Take the lines below beginning at the line that has "Tra La Rocca E Il Mare Di Cefalù Esterno foto" and stopping after the line that has "Jugador de Barcelona", and print them exactly as they are, with no other lines.

Record set →
▽

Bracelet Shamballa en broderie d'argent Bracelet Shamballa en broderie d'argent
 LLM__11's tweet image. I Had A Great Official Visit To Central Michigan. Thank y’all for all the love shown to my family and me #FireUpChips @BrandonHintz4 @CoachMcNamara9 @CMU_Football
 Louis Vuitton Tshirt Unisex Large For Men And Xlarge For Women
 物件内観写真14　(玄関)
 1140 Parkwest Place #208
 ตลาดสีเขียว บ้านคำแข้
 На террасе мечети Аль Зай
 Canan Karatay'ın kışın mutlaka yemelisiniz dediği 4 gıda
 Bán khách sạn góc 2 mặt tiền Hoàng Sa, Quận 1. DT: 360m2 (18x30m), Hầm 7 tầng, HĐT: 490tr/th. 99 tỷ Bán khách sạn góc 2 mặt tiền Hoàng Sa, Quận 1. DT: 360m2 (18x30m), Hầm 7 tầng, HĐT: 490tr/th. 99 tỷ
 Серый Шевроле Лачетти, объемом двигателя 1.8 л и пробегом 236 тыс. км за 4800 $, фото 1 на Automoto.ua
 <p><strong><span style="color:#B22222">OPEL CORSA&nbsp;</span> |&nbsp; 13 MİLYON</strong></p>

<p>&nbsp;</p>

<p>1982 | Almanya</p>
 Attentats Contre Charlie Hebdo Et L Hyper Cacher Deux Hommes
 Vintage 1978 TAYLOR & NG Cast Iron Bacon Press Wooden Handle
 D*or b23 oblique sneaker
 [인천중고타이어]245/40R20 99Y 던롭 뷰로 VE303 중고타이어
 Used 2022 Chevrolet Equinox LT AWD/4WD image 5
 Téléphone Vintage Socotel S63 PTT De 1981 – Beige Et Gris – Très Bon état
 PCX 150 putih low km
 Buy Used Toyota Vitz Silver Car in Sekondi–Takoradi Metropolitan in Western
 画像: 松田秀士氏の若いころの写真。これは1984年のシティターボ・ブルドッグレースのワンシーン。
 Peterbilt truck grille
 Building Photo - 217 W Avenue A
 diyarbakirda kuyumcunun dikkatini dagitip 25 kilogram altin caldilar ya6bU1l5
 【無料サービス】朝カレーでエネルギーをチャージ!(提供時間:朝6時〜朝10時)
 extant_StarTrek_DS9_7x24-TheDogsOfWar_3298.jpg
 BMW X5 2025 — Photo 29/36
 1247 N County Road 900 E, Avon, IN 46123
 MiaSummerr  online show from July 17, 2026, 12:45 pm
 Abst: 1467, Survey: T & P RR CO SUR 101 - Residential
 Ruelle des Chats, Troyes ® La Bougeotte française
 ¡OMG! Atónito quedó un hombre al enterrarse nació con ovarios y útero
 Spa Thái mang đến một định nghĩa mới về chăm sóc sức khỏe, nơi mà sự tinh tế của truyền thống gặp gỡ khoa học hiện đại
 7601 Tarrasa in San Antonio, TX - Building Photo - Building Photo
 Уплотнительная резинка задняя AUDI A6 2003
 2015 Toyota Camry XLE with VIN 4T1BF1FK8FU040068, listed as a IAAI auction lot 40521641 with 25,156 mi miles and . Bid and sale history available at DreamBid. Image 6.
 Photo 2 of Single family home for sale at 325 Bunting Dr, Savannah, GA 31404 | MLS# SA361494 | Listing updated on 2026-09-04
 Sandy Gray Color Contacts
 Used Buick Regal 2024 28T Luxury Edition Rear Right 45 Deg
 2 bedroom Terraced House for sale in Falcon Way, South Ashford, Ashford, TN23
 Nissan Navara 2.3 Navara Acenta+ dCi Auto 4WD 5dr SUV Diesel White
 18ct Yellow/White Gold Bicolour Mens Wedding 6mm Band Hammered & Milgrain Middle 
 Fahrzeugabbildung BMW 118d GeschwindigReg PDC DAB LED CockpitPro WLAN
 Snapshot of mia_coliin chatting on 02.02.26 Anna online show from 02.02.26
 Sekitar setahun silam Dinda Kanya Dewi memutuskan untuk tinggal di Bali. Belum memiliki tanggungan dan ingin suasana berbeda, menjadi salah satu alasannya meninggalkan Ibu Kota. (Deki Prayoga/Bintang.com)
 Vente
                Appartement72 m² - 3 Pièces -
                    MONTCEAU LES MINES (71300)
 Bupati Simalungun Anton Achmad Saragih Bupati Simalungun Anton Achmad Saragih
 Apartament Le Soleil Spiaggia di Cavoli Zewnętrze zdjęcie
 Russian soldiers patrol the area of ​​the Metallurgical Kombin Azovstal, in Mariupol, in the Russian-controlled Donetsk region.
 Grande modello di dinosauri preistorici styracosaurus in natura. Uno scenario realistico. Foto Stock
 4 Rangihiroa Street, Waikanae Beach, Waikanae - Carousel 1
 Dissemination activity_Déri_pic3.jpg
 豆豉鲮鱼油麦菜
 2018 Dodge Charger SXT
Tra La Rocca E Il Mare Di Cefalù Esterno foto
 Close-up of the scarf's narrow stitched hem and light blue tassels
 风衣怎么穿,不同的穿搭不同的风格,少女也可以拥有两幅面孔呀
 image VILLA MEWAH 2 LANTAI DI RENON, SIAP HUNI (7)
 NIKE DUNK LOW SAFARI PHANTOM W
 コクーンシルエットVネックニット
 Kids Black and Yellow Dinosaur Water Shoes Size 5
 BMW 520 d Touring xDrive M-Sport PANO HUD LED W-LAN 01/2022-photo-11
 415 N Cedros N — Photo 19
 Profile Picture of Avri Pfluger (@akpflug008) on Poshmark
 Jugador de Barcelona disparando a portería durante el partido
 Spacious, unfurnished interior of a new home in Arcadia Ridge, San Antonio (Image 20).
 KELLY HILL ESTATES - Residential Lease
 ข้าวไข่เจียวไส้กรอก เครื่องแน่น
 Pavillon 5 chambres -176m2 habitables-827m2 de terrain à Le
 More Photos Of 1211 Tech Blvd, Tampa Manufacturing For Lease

△

Solved problem →
Tra La Rocca E Il Mare Di Cefalù Esterno foto
 Close-up of the scarf's narrow stitched hem and light blue tassels
 风衣怎么穿,不同的穿搭不同的风格,少女也可以拥有两幅面孔呀
 image VILLA MEWAH 2 LANTAI DI RENON, SIAP HUNI (7)
 NIKE DUNK LOW SAFARI PHANTOM W
 コクーンシルエットVネックニット
 Kids Black and Yellow Dinosaur Water Shoes Size 5
 BMW 520 d Touring xDrive M-Sport PANO HUD LED W-LAN 01/2022-photo-11
 415 N Cedros N — Photo 19
 Profile Picture of Avri Pfluger (@akpflug008) on Poshmark
 Jugador de Barcelona disparando a portería durante el partido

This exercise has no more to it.